À travers ces allées et venues, je n’ai cessé d’apprendre à remettre en question les différentes spécificités sémantiques des objets d’arts anciens et lointains. Tout d’abord, à partir de la notion même de propriété, qui peut-être est la plus discutable : à qui appartiennent ces objets ? À ceux qui les ont produits, honorés, ou à ceux qui les ont emportés puis commercialisés ou figés dans des musées ? Les objets n’appartiennent à personne, car ils ne sont pas des objets mais des sujets ; des sujets qui constituent aujourd’hui une diaspora flottant au-dessus de la tête des descendants de leurs créateurs, comme de leurs usurpateurs. Comme dit l’anthropologue Adack Gilbert Kouassi : « Ces objets, conçus et créés en Afrique, sont maintenant en Occident, où, après plus d’un siècle, les Blancs leur ont réécrit une histoire, leur histoire. » Mais une histoire n’est pas nécessairement une usurpation, si l’on est capable de considérer qu’elle est un passage chronologique n’ayant pas été nié par les descendants des créateurs qui les récupèrent. Ce passage est fait de détours qui s’inscrivent à jamais dans l’identité de l’objet créolisé. Il n’est pas le rituel d’une purification, mais celui d’un retour possible au pays natal, où le langage qu’il parle est le fruit de toutes ses histoires…

Et ces histoires sont multiples… L’objet des cultures lointaines par définition est le facteur d’un inconnu, dont la convoitise a motivé toute l’épistémologie occidentale, tant elle se sentait à l’étroit dans le cadre de la raison qui en fragilisait l’évolution. C’est bien là, à mon sens, que se joue le véritable enjeu de la restitution du patrimoine matériel et immatériel des cultures hier soumises à l’esclavage moderne, puis au colonialisme… Afin que l’épistémologie universitaire contemporaine soit en adéquation avec son époque, où ne cessent de s’affirmer des pensées comme le féminisme, le décolonial et l’environnement, il me semble que ce processus sans fin d’interrogation que constitue le domaine de la restitution demande à être reconnu, mais surtout pratiqué comme tel : un champ disciplinaire de la pensée contemporaine.

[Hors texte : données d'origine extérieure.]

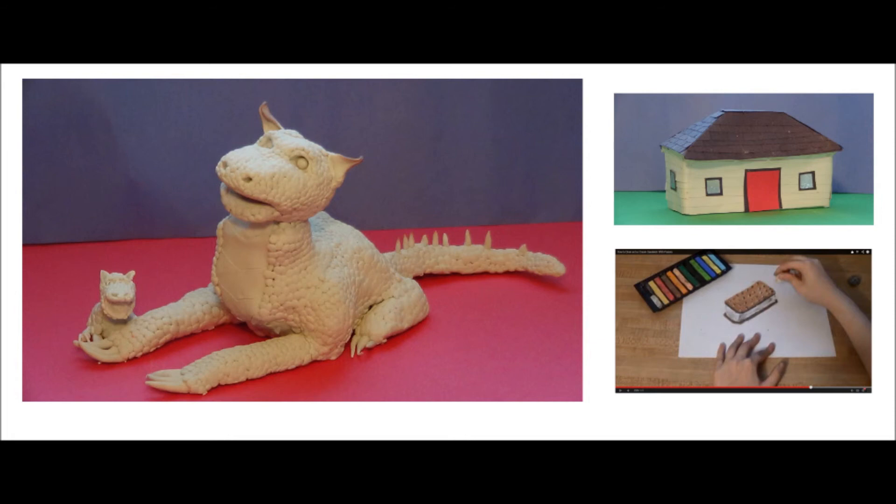If you want to see more baking clay videos, click the dragon. If you want to see how-to-draw videos, click the ice cream sandwich. If you want to see how to make the house, click that. Thanks for watching.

La recherche sur la restitution des objets d’art anciens et lointains doit entrer à l’université, car elle constitue un corpus de recherche qui ne doit souffrir ni de la partialité du discours politisant ni de l’absence d’expérience en matière de connaissance des thèmes, sans pour autant être sous le joug de l’expertise obsessionnelle. Elle regroupe d’ailleurs des pensées qui vont de l’esthétique à la métaphysique, du politique au psychologique, etc. La question de la restitution n’est pas insoluble, mais nous ne disposons pas aujourd’hui du langage qui permettrait de la résoudre, parce qu’elle se fragmente en une polysémie de disciplines : de l’économie à la psychanalyse, de l’histoire à la science, des arts à la philosophie, et même dans la philosophie, de l’esthétique à la métaphysique, et enfin du droit politique au devoir religieux…

Il faudra à l’Occident et au monde non occidental de longues périodes de réflexion et de créativité afin d’assouplir, par l’élaboration d’une épistémologie adaptée et décoloniale, la célébration autonome de ce patrimoine, afin de ne pas restituer seulement les objets, mais la vie à ces objets, pour qu’ils redeviennent les sujets qu’ils sont. Les objets ne sont pas seulement des objets, ils sont des sujets.